=== Section Start ===

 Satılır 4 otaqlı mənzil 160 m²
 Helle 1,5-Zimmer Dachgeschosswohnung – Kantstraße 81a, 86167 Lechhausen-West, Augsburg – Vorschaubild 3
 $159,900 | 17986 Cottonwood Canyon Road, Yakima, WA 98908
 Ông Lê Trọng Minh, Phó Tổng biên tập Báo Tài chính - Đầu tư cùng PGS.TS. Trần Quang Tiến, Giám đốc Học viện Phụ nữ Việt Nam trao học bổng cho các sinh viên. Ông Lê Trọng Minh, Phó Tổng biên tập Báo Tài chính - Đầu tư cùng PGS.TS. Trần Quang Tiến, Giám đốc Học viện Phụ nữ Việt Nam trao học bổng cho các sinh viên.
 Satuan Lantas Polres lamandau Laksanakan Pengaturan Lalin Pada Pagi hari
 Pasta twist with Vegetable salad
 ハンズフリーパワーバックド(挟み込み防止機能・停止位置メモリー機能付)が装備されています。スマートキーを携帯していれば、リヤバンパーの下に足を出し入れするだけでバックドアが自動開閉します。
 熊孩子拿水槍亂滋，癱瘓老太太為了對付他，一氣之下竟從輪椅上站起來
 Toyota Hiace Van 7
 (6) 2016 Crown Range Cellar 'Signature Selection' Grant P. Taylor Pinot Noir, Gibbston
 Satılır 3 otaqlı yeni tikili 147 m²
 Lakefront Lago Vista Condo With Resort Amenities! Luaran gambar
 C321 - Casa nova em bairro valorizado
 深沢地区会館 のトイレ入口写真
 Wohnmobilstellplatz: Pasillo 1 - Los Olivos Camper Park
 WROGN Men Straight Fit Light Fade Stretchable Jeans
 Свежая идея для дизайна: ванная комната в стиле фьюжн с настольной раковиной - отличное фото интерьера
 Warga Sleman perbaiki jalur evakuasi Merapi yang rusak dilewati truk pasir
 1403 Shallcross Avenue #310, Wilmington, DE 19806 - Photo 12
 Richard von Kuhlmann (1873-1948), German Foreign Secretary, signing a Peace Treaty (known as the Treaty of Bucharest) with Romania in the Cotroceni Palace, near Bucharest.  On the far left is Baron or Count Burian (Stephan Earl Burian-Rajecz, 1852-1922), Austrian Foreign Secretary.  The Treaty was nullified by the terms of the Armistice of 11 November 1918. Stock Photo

=== Section End ===

- [Exercise prompt]
Copy every record above out again, word for word.

- [Solution for this task]
 Satılır 4 otaqlı mənzil 160 m²
 Helle 1,5-Zimmer Dachgeschosswohnung – Kantstraße 81a, 86167 Lechhausen-West, Augsburg – Vorschaubild 3
 $159,900 | 17986 Cottonwood Canyon Road, Yakima, WA 98908
 Ông Lê Trọng Minh, Phó Tổng biên tập Báo Tài chính - Đầu tư cùng PGS.TS. Trần Quang Tiến, Giám đốc Học viện Phụ nữ Việt Nam trao học bổng cho các sinh viên. Ông Lê Trọng Minh, Phó Tổng biên tập Báo Tài chính - Đầu tư cùng PGS.TS. Trần Quang Tiến, Giám đốc Học viện Phụ nữ Việt Nam trao học bổng cho các sinh viên.
 Satuan Lantas Polres lamandau Laksanakan Pengaturan Lalin Pada Pagi hari
 Pasta twist with Vegetable salad
 ハンズフリーパワーバックド(挟み込み防止機能・停止位置メモリー機能付)が装備されています。スマートキーを携帯していれば、リヤバンパーの下に足を出し入れするだけでバックドアが自動開閉します。
 熊孩子拿水槍亂滋，癱瘓老太太為了對付他，一氣之下竟從輪椅上站起來
 Toyota Hiace Van 7
 (6) 2016 Crown Range Cellar 'Signature Selection' Grant P. Taylor Pinot Noir, Gibbston
 Satılır 3 otaqlı yeni tikili 147 m²
 Lakefront Lago Vista Condo With Resort Amenities! Luaran gambar
 C321 - Casa nova em bairro valorizado
 深沢地区会館 のトイレ入口写真
 Wohnmobilstellplatz: Pasillo 1 - Los Olivos Camper Park
 WROGN Men Straight Fit Light Fade Stretchable Jeans
 Свежая идея для дизайна: ванная комната в стиле фьюжн с настольной раковиной - отличное фото интерьера
 Warga Sleman perbaiki jalur evakuasi Merapi yang rusak dilewati truk pasir
 1403 Shallcross Avenue #310, Wilmington, DE 19806 - Photo 12
 Richard von Kuhlmann (1873-1948), German Foreign Secretary, signing a Peace Treaty (known as the Treaty of Bucharest) with Romania in the Cotroceni Palace, near Bucharest.  On the far left is Baron or Count Burian (Stephan Earl Burian-Rajecz, 1852-1922), Austrian Foreign Secretary.  The Treaty was nullified by the terms of the Armistice of 11 November 1918. Stock Photo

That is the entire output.